Think of it like that old piece of software you wrote when you were young that
you've since abandoned, because you know, about 20 years have passed, no one
uses AppleII's anymore, 126 some odd other pieces of software that do exactly
the same thing but better and faster have been released, and also mobile
happened. Besides, you have a job now doing modern things for modern reasons
that are actually valuable to people and the world and stuff, so really
there's not even a reason to figure out how a 5 and a quarter floppy drive can
possibly connect to your rMBP to have a look at the code and see if an
emulator or whatever would make it run right.

But if someone wants to throw $151,000 in donations at it, sure kids, have a
ball.
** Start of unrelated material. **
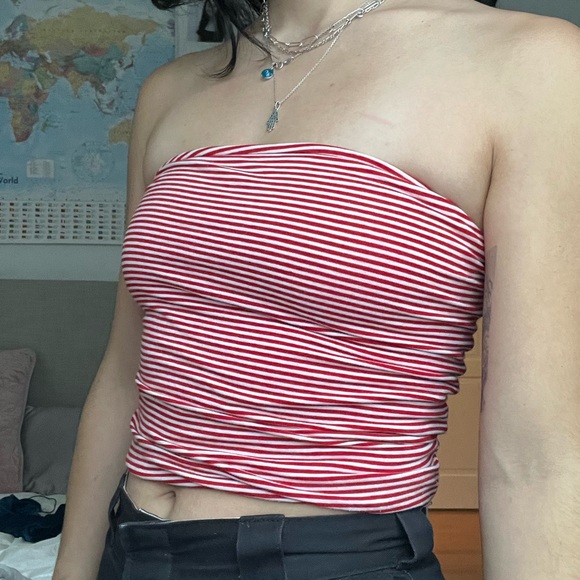 Red & White Brandy Melville Tube Top - Picture 5 of 7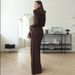 European And American Women's Fashion 20224 Winter New Sexy Slit Bodycon Long High-neck Slim Dress Wholesale_ecoleips.com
And yeah, of course we'll reminisce and have some fun with it over a
beer or two. Those were the good old days, after all, when we were real rocket
scientists, and space probes Farquharing around the solar system on a
perfectly choreographed dance of not just _one_ mission, but _three_ —no, not
two, _three_ —what do you think it's doing right now? You think this kind of
thing just happens by chance? Have fun—and bring her back in one piece, will
ya?

------
ColinDabritz
Simply amazing.

------
iamdanfox
Twitch spacecraft anyone?

------
servowire
The fact that this machine is still in operation is awesome. What a piece of
engineering.

------
broabprobe
Brilliantly impressive. Especially considering they're operating out of an old
McDonalds on the NASA Ames campus.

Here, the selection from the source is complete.